Dear all,
we have found memory leak on OpenVz7 node and believe it affects mainline too.
sunrpc_cache_lookup() removes exprired cache_head from hash,
however if it waits for reply on submitted cache_request
both of them can leak forever, nobody cleans unhashed cache_heads.
Originally we had claim on busy loop device of stopped container,
that had executed nfs server inside.
Device was kept by mount that was detached from already destroyed mount namespace.
By using crash search we have found some structure with path struct related to our mount.
Finally we have found that it was alive svc_export struct used by to alive cache_request,
however both of them pointed to already freed cache_detail.
We decided that cache_detail was correctly freed during destroy of net namespace,
however svc_export with taken path struct, cache_request and some other structures
seems was leaked forever.
This could happen only if cache_head of svc_export was removed from hash on cache_detail
before its destroy. Finally we have found that it could happen when sunrpc_cache_lookup()
removes expired cache_head from hash.
Usually it works correctly and cache_put(freeme) frees expired cache_head.
However in our case cache_head have an extra reference counter from stalled cache_request.
Becasue of cache_head was removed from hash of cache_detail it cannot be found in cache_clean()
and its cache_request cannot be freed in cache_dequeue(). Memory leaks forever,
exactly like we observed.
After may attempts we have reproduced this situation on OpenVz7 kernel,
however our reproducer is quite long and complex. Unfortunately we still
did not reproduced this problem on mainline kernel and did not validated the patch yet.
It would be great if someone advised us some simple way to trigger described scenario.
We are not sure that our patch is correct, please let us know if our analyze missed something.
Vasily Averin (1):
sunrpc: cache_head leak due queued requests
net/sunrpc/cache.c | 10 +++++++++-
1 file changed, 9 insertions(+), 1 deletion(-)
--
2.17.1
On Wed, Nov 28, 2018 at 11:45:46AM +0300, Vasily Averin wrote:
> Dear all, we have found memory leak on OpenVz7 node and believe it
> affects mainline too.
>
> sunrpc_cache_lookup() removes exprired cache_head from hash, however
> if it waits for reply on submitted cache_request both of them can leak
> forever, nobody cleans unhashed cache_heads.
>
> Originally we had claim on busy loop device of stopped container, that
> had executed nfs server inside. Device was kept by mount that was
> detached from already destroyed mount namespace. By using crash
> search we have found some structure with path struct related to our
> mount. Finally we have found that it was alive svc_export struct used
> by to alive cache_request, however both of them pointed to already
> freed cache_detail.
>
> We decided that cache_detail was correctly freed during destroy of net
> namespace, however svc_export with taken path struct, cache_request
> and some other structures seems was leaked forever.
>
> This could happen only if cache_head of svc_export was removed from
> hash on cache_detail before its destroy. Finally we have found that it
> could happen when sunrpc_cache_lookup() removes expired cache_head
> from hash.
>
> Usually it works correctly and cache_put(freeme) frees expired
> cache_head. However in our case cache_head have an extra reference
> counter from stalled cache_request. Becasue of cache_head was removed
> from hash of cache_detail it cannot be found in cache_clean() and its
> cache_request cannot be freed in cache_dequeue(). Memory leaks
> forever, exactly like we observed.
>
> After may attempts we have reproduced this situation on OpenVz7
> kernel, however our reproducer is quite long and complex.
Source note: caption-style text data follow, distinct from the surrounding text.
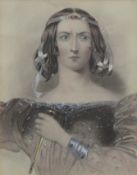 A 19th century hand coloured steel engraving of Lady Macbeth and one other female character from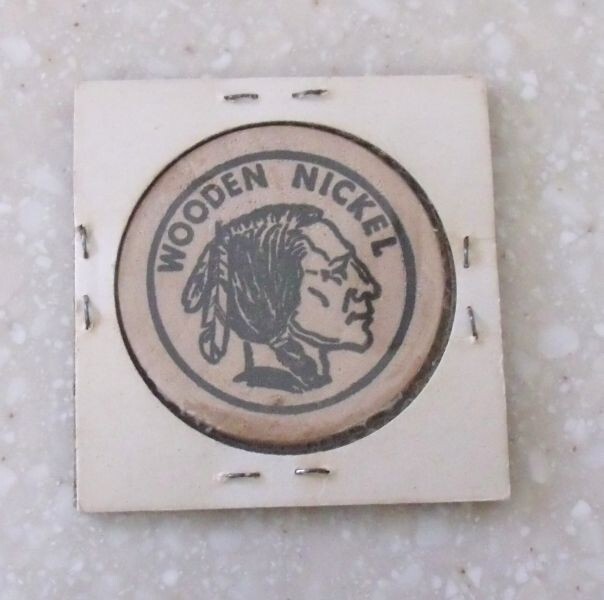 Vintage Wooden Nickel Token John and J.O. Woodard Auto Sales Dallas Texas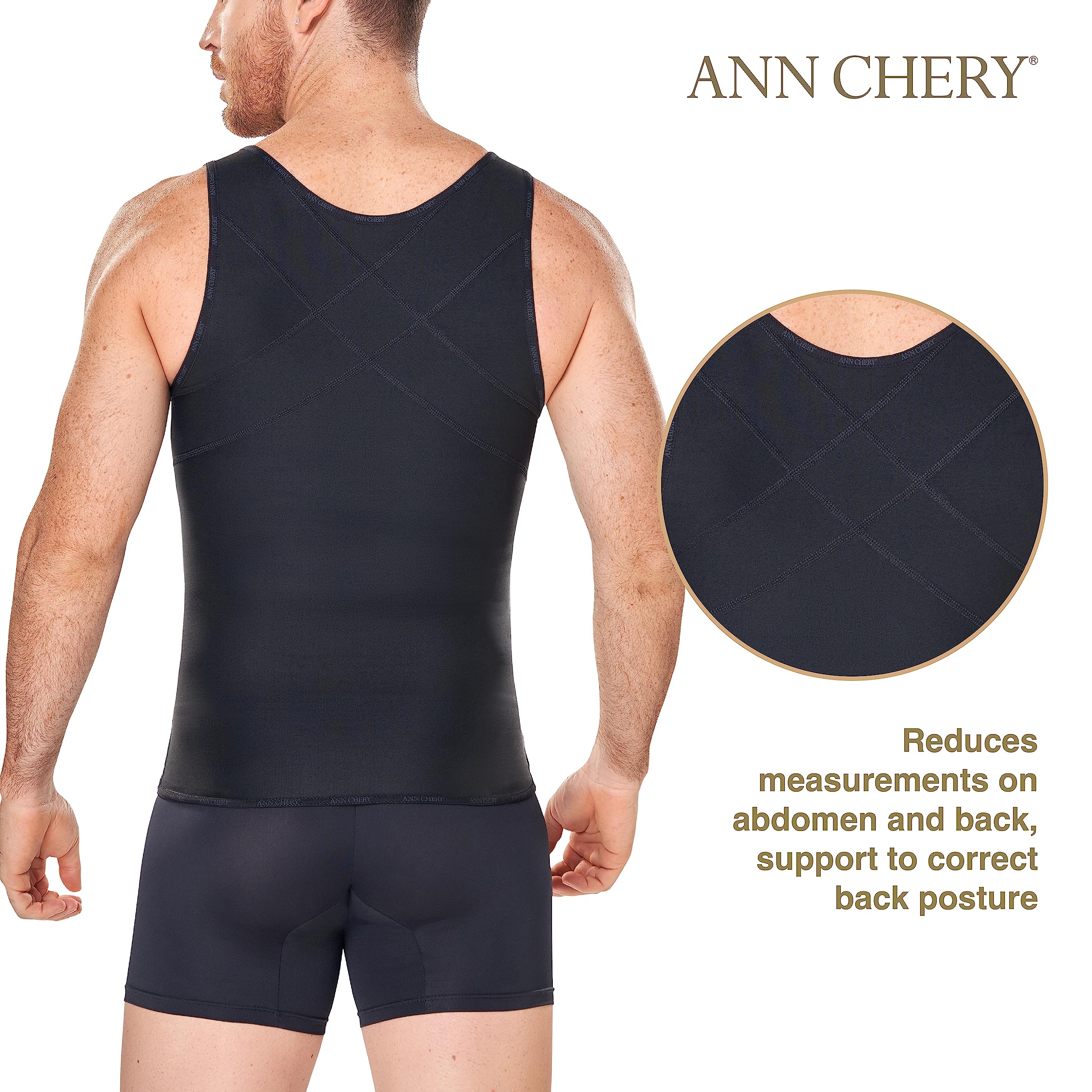 Ann Chery Men's Latex Girdle Body Shaper - Slimming Waist Trainer for Men, Posture Corrector & Back Support - Perfect for Workout, Weight Loss & Everyday Wear
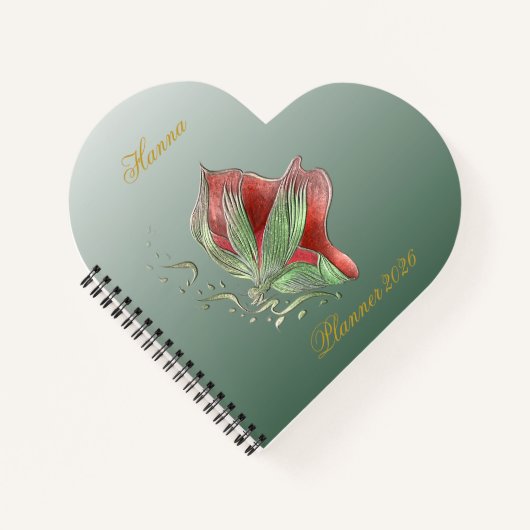 Elegant Red and Green Spiral Notebook ノートブック (正面)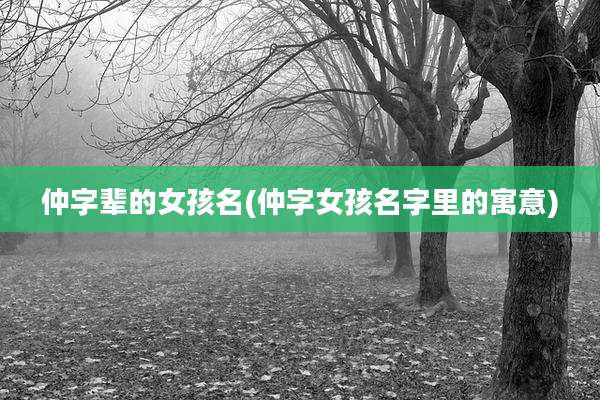 仲字辈的女孩名(仲字女孩名字里的寓意)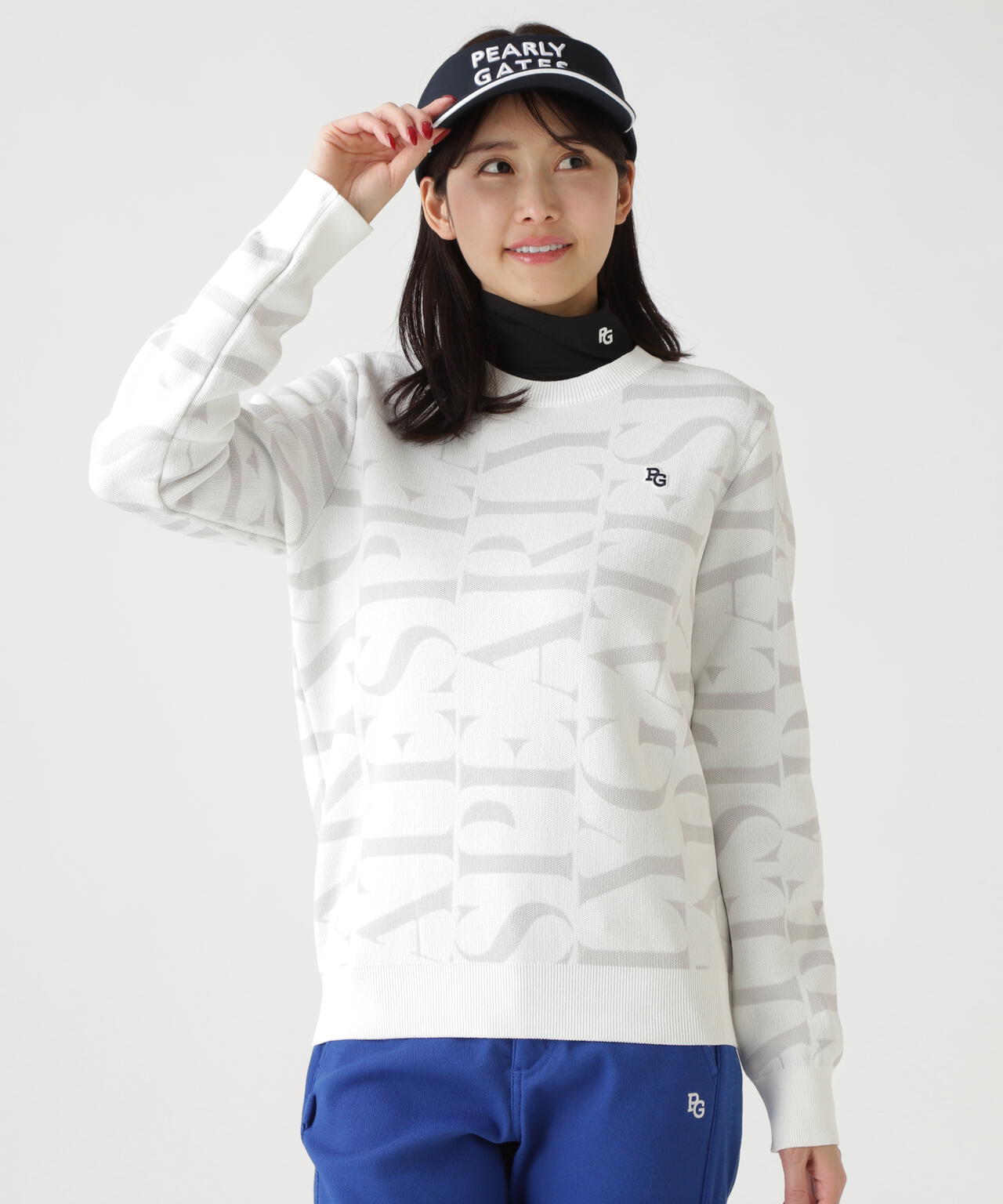 ダブルJQロゴ総柄クルーネックニットプルオーバー | PEARLY GATES
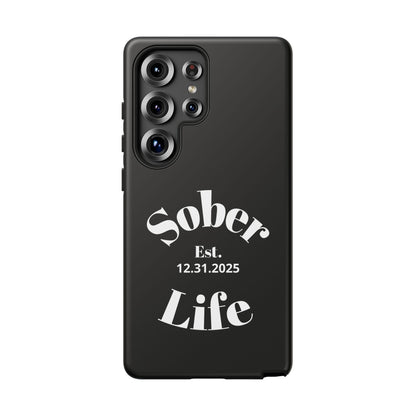 Recovery Phone Case | Sober Life Est. Design 1 | Black Samsung Galaxy Case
> Unfortunately we still did not reproduced this problem on mainline
> kernel and did not validated the patch yet.
>
> It would be great if someone advised us some simple way to trigger
> described scenario.
I think you should be able to produce hung upcalls by flushing the cache
(exportfs -f), then stopping mountd, then trying to access the
filesystem from a client. Does that help?
> We are not sure that our patch is correct, please let us know if our
> analyze missed something.
It looks OK to me, but it would be helpful to have Neil's review too.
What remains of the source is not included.